Antonio Ligabue

ligabue tigre
Tigre" 1952-1962
22x33 disegno a matita su carta
Opera firmata in basso a destra
Antonio Ligabue - Gallo 1952-1962 - 24x34 disegno a matita su carta

“Tigre” 1952-1962
22×33 disegno a matita su carta
Opera firmata in basso a destra

“Gallo” 1952-1962
24×34 disegno a matita su carta
Opera firmata in basso a destra

“Tigre” e “Gallo”, disegni a matita su carta realizzati da Antonio Ligabue (Zurigo 1899 – Gualtieri, 1965), sono riferibili al terzo periodo della carriera dell’artista.
I due disegni rappresentano uno tra gli argomenti privilegiati da Ligabue, la rappresentazione del mondo animale, sia quello domestico a lui noto, che popola la campagna, sia quello esotico, conosciuto attraverso i libri a soggetto naturalistico (visti dagli amici, il pittore Mazzacurati e lo scultore Andrea Mozzali) il serraglio dello zoo (quello di San Gallo, in Svizzera, dove veniva frequentemente portato da adolescente), e i circhi, che spesso percorrevano i paesi della Pianura Padana.

Lo stesso Antonio Ligabue si definisce “pittore di animali”, soggetti che osservava per ore e di cui studiava attentamente l’anatomia, replicandone allo specchio le gestualità: era convinto che gli animali vedessero la realtà per quella che era, diversamente dagli uomini.
Nel rappresentarli cercava di cogliere, per traslato, la psicologia umana: non era infrequente che nell’aggressività dei felini, spesso intenti a cingere la preda, o nella stolidezza degli animali da cortile indicasse, metafora neanche troppo velata, comportanti e debolezze umane. La lotta tra animali fu un tema molto rappresentato nelle opere di  Ligabue,  soprattutto durante gli anni Cinquanta del Novecento.

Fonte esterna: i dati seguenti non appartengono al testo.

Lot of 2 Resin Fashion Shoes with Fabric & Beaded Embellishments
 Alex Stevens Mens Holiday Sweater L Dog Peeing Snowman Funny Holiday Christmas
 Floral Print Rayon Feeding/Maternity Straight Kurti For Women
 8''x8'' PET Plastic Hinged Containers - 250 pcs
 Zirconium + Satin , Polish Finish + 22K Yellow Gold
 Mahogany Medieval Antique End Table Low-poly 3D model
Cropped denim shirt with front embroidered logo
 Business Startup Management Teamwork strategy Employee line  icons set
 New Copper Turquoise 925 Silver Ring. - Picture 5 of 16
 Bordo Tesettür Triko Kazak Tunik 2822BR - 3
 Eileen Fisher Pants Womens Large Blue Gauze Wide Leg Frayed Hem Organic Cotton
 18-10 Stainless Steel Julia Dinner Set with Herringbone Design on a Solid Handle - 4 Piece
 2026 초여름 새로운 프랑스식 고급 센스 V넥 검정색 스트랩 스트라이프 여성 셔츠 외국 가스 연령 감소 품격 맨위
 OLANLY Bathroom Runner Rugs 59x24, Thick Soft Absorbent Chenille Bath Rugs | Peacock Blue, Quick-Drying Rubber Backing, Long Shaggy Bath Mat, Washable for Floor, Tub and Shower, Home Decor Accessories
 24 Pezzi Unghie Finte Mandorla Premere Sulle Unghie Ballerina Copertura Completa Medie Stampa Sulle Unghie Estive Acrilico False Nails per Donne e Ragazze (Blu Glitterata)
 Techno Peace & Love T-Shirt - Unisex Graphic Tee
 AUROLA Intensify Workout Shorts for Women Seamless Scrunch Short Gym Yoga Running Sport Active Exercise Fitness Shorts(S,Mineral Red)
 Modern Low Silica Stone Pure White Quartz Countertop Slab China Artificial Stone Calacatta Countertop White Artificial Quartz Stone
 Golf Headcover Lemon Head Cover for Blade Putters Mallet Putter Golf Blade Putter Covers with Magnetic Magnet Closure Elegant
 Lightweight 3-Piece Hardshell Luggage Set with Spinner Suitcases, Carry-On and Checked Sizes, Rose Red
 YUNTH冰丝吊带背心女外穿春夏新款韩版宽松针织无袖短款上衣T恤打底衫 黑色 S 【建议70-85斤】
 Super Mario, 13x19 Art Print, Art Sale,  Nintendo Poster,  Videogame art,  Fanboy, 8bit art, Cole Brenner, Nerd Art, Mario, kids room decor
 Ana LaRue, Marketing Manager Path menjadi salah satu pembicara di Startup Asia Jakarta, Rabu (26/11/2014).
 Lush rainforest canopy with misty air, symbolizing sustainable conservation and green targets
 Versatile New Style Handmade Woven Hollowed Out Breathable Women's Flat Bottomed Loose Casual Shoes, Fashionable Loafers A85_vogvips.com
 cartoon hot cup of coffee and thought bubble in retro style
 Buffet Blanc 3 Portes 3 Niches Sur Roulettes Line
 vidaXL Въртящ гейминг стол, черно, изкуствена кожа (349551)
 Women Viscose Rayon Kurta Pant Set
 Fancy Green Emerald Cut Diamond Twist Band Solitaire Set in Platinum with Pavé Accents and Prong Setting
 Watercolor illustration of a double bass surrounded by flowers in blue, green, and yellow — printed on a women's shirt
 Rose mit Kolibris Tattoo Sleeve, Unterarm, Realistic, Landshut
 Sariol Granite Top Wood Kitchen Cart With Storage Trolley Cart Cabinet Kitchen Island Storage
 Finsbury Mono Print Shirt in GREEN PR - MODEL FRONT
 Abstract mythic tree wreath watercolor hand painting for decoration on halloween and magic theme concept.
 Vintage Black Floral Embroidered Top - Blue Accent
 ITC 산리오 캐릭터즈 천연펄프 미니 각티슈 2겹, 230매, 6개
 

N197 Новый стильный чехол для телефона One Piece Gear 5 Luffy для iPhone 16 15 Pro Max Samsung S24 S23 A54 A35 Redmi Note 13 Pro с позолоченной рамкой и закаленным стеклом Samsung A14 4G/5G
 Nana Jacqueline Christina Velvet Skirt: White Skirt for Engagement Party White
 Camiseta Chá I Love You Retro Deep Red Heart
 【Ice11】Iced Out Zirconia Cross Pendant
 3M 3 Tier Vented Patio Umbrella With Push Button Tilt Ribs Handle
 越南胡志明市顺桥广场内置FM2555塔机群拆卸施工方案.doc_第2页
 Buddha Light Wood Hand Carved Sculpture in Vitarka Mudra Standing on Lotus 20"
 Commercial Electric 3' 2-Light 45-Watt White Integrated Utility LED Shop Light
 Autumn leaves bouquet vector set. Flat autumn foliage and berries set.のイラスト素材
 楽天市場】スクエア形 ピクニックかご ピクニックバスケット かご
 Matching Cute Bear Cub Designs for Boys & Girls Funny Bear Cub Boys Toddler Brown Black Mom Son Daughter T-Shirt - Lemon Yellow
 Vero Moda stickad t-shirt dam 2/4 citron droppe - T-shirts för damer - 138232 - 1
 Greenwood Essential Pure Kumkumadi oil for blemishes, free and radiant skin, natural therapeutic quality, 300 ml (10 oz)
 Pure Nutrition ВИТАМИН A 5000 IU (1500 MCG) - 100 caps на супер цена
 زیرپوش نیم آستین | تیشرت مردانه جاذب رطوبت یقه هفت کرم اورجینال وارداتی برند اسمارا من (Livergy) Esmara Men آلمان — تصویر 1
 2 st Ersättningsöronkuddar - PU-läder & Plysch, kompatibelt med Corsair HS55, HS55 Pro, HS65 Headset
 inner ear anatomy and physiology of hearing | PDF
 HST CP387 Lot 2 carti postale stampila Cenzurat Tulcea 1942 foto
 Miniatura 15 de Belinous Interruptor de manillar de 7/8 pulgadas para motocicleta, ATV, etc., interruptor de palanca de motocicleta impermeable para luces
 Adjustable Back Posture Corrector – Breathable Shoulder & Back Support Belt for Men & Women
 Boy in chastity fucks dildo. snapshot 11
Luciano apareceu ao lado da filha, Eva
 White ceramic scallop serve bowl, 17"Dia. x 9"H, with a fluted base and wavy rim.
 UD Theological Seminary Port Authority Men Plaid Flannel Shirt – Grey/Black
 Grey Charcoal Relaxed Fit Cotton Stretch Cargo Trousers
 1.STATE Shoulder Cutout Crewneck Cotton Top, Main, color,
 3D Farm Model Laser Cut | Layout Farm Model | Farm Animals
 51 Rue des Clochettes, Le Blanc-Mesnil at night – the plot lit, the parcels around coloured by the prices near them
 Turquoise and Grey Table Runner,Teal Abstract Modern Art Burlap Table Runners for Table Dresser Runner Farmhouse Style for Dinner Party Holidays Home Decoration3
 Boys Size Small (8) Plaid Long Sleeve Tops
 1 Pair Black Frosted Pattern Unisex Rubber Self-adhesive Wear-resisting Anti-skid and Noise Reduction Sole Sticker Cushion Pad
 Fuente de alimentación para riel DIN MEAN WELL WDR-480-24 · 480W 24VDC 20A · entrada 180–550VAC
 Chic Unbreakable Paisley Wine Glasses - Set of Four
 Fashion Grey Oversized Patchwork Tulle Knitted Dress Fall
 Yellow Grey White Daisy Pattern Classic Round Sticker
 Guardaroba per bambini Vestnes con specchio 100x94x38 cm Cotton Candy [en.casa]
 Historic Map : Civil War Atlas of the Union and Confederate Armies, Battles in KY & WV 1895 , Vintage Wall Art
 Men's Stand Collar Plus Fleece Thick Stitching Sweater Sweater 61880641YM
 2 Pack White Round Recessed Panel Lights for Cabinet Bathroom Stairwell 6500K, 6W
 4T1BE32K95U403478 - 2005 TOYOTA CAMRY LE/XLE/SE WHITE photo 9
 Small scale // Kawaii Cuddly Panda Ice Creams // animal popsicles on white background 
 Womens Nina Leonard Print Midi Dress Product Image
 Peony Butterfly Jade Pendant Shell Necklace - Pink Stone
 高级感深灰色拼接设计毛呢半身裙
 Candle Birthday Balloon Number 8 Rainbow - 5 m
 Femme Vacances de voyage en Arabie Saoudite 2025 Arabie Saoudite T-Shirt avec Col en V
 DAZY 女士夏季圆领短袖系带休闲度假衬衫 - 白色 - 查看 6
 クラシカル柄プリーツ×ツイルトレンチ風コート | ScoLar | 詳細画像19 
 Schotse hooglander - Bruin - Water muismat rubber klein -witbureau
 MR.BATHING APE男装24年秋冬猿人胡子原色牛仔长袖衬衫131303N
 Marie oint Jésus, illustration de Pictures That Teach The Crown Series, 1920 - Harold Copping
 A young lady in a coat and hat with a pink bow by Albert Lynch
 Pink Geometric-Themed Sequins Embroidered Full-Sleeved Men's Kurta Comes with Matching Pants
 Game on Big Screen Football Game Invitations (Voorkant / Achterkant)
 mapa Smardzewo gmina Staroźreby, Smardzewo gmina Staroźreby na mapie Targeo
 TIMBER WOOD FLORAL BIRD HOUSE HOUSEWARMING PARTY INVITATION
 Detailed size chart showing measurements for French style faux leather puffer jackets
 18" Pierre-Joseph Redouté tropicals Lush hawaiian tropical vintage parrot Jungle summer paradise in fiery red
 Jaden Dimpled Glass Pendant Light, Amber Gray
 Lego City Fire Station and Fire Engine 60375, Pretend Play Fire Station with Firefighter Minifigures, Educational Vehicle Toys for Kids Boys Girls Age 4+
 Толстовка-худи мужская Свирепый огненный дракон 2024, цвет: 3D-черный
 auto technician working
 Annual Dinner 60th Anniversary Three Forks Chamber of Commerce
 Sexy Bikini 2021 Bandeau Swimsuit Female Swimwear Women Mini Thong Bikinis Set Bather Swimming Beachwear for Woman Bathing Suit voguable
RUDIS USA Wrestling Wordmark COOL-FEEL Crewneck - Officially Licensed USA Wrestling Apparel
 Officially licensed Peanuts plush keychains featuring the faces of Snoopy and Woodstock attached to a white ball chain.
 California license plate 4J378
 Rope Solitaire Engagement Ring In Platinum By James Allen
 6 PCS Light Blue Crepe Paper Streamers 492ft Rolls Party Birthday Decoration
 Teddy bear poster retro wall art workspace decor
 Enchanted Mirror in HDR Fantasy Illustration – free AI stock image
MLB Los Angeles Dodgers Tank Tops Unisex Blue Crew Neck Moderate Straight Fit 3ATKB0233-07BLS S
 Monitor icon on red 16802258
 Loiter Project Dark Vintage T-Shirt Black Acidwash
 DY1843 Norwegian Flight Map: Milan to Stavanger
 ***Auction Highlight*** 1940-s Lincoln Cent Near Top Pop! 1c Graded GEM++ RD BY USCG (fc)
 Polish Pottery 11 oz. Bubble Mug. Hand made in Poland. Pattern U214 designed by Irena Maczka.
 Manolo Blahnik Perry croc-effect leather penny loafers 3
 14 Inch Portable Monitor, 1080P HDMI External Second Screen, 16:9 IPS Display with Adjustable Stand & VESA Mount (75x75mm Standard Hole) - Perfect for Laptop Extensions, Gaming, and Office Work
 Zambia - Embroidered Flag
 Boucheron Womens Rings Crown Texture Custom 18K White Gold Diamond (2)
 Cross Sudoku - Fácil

«Quando dipingeva animali feroci si identificava con loro a tal punto da assumerne gli atteggiamenti. Ruggiva spaventosamente, e imitava il leone, la tigre, il leopardo nell’atto di azzannare la preda. Sorprendente era la sua conoscenza della struttura anatomica degli animali, dei loro istinti, della loro forza».

Marino Renato Mazzacurati

La vicenda umana di Antonio Ligabue racconta una storia non del tutto inedita nella storia dell’arte: il genio creativo che si esprime nella dimensione del disagio mentale e in un percorso di vita tormentato e solitario, ma non per questo è meno intenso e sentito. Il disagio psichico diventa piuttosto una porta su una visionarietà che si apre a possibilità sconosciute, che solo l’occhio che sfugge agli schemi consueti può cogliere e che svela punti di vista inaspettati, in grado di sollecitare l’inconscio. Tecnicamente I soggetti sono spesso frontali, le linee decise, le figure piatte e prive di prospettiva, il colore ripartito in blocchi uniformi, la profondità è restituita dall’accostamento delle tinte.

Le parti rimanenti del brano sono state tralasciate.